While Greece's approval of budget cuts and tax increases this week required to win bailout funds drove the biggest four- day rally in the MSCI index since December, it failed to erase June's equity losses. Riskier assets fell last month as U.S. economic reports missed projections by the most since January 2009, according to data compiled by New York-based Citigroup Inc. using Bloomberg surveys.
"Investors were on the edge," said David Goerz, the San Francisco-based chief investment officer at Highmark Capital Management Inc., which oversees $17.2 billion. "The No. 1 thing that the market focused on was the slowdown in economic activity. The sovereign debt crisis also got people worried. We're probably not at the end of it yet, but we got some temporary solution to the Greek crisis."

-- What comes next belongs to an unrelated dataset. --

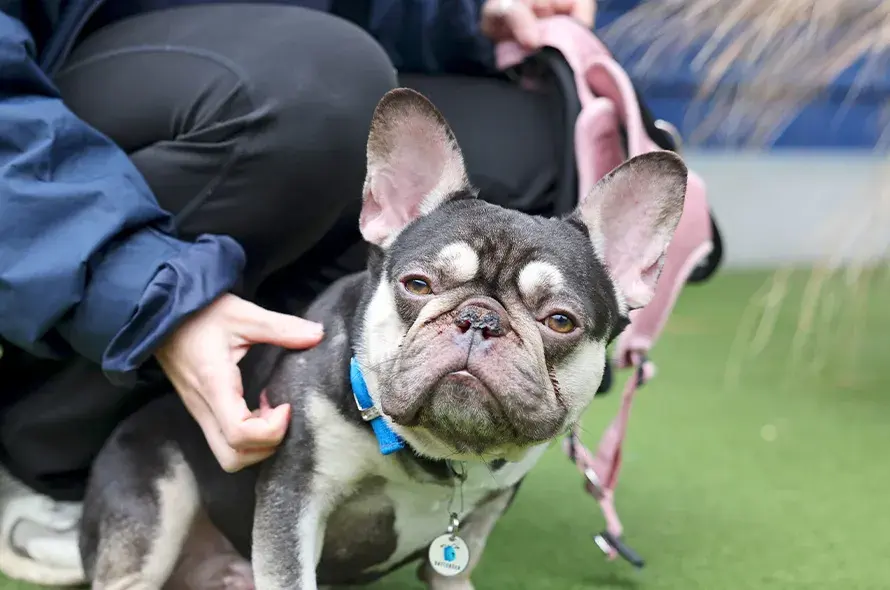 French Bulldog sat up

Commodities led declines today after China's Purchasing Managers' Index, a gauge of the nation's manufacturing, dropped to the lowest level since February 2009. The MSCI All-Country World Index and Treasuries were little changed.

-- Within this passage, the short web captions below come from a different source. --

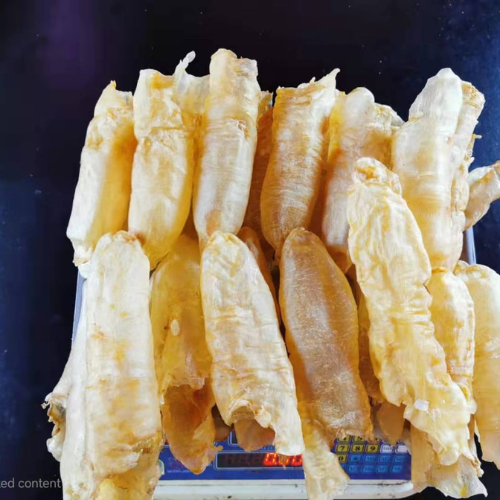 Red snapper (Lutjanus argentimaculatus)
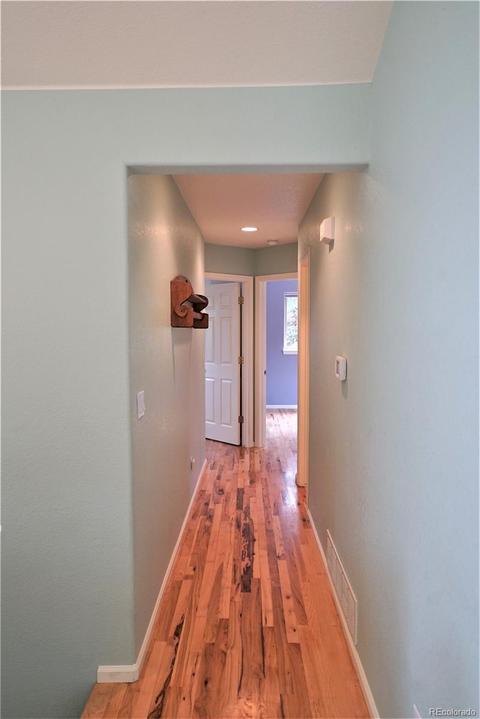 12397 S Danny Ave, Pine, CO 80470 photo 9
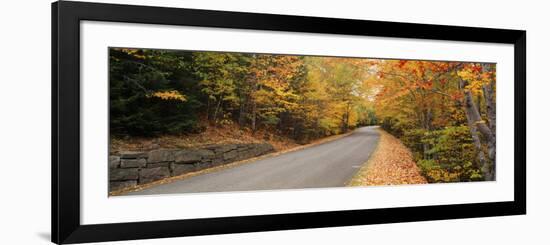 Trees Along a Road, Park Loop Road, Acadia National Park, Maine-null-Framed Photographic Print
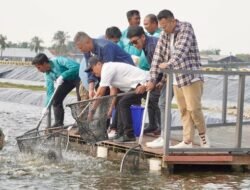 Menteri KP dan Raffi Cs Ke BINS: Pemuda Wajib Jadi Pakar Budidaya Perikanan!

IntercontinentalExchange Inc.'s Dollar Index, which tracks the greenback against currencies from six major U.S. trading partners, dropped 0.3 percent to 74.404 in June. The U.S. currency slumped in the final four days, erasing a monthly gain as the euro rallied against most major currencies. The Dollar Index rose 0.2 percent at 9:42 a.m. in London today.
Equities and raw materials slid in June after rallying since the first quarter of 2009. The S&P commodity index climbed as much as 85 percent from Feb. 18, 2009, peaking on April 8. It retreated 1.1 percent today.
The MSCI gauge gained 119 percent between March 9, 2009, and May 2, according to data compiled by Bloomberg. The global economy may grow 4.3 percent this year and 4.5 percent in 2012, the Washington-based International Monetary Fund said June 17.